Despite these control measures, another multistate outbreak linked to Guatemalan raspberries
occurred in North America in the spring of 1997. CDC learned of this outbreak in early May
1997, when several health departments informed CDC of clusters of cases that were associated
with April events. Ultimately, 41 clusters with a total of 762 cases were reported, which were
associated with events that occurred April 1 through May 26, 1997, in 13 states, the District of
Columbia, and one Canadian province. In addition, 250 sporadic cases were reported for the
outbreak period, for an overall total of 1,012 cases in 17 states, the District of Columbia, and two
Once again, the investigation, which focused on the clusters of cases, implicated fresh
raspberries, and Guatemala was found to be the major source of the implicated berries. The
outbreak ended shortly after Guatemala voluntarily suspended exportation of fresh raspberries to
the United States at the end of May 1997. The fact that another outbreak occurred despite the
implementation of various control measures suggests either that the control measures may not
have been fully implemented by some farms or that the measures may not have addressed the
true source of contamination of the raspberries.
These outbreaks in 1996 and 1997 highlighted challenges related to the investigation of
outbreaks of foodborne diseases.

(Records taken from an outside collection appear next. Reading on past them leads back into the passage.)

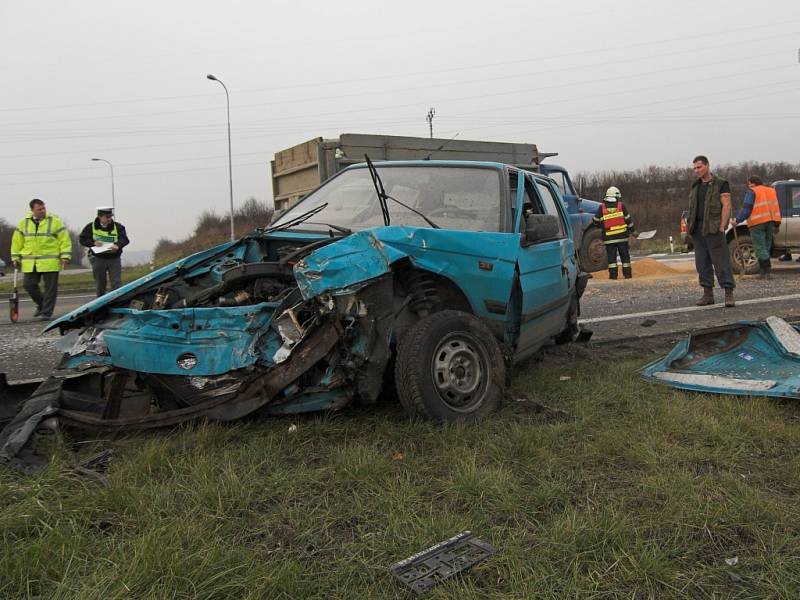 Osobní a nákladní automobil se srazily na křižovatce Horecko u Lipníku nad Bečvou.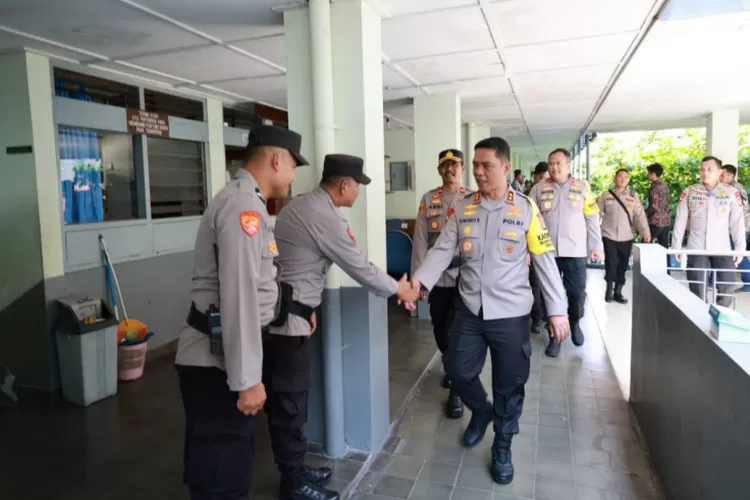 Kapolda DIY Irjen Suwondo Nainggolan didampingi sejumlah PJU Polda DI melakukan pemantauan keamanan secara langsung ke beberapa TPS. (Istimewa )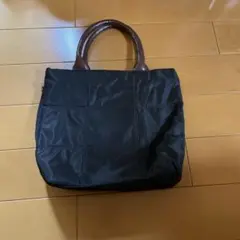 黒のナイロンキルティングバッグ　未使用に近い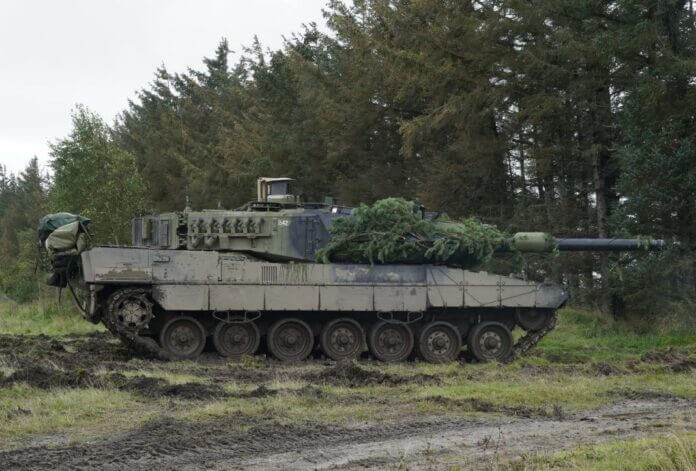 Regeringen “snyder på vægten”: Medregner podcast til Nato-bidrag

Many State and local health departments do not have the
necessary infrastructure to conduct outbreak investigations. Also, because Cyclospora is an
emerging pathogen, most laboratorians lacked the experience and expertise to identify
Cyclospora in stool specimens, particularly during the 1996 investigation. CDC is developing
the capacity to use the Internet to assist laboratories in identifying parasites such as Cyclospora
in patient specimens. However, many laboratories do not yet have the necessary equipment to
take advantage of this technology.
New Challenges New Opportunities
As we draw to the close of the 20th century, we face new paradigms for foodborne disease due to
the globalization of the food supply, the large-scale nature of food production and distribution,
and the continuing recognition of new foodborne pathogens. CDC addresses these issues by
harnessing the technology of electronic telecommunications and computer systems, developing
state of the art molecular fingerprinting techniques, integrating its disease prevention and control
activities with food safety programs in FDA and USDA, and building active epidemiologic and
laboratory-based surveillance programs in collaboration with our State and local partners.
However, much work needs to be done to build the necessary architecture for a truly sensitive
and responsive early warning network. Building investigative and laboratory capacity in all of
our State partners, enhancing our collaborative activities with international partners where,
increasingly, some of our food supplies originate, and improving the qualitative and quantitative
understanding of critical food safety problems are important components of CDC's response.
CDC has been working with the Council of State and Territorial Epidemiologists and the
Association of State and Territorial Public Health Laboratory Directors to enhance core
surveillance capacity and to assure that the appropriate architecture exists. A 21st century
system is needed to confront 21st century challenges.
In conclusion, strong Federal, State, and local public health surveillance networks are the
foundation for rapid identification and investigation of infectious disease threats, including those
illnesses that are caused by foodborne pathogens. Foodborne diseases remain a challenge for
public health. To address this challenge will require continued investments in our public health
infrastructure and strong partnerships among State and local health departments and Federal
Thank you for the opportunity to discuss the surveillance of foodborne disease. We will be
happy to answer questions you or other members of the Subcommittee may have.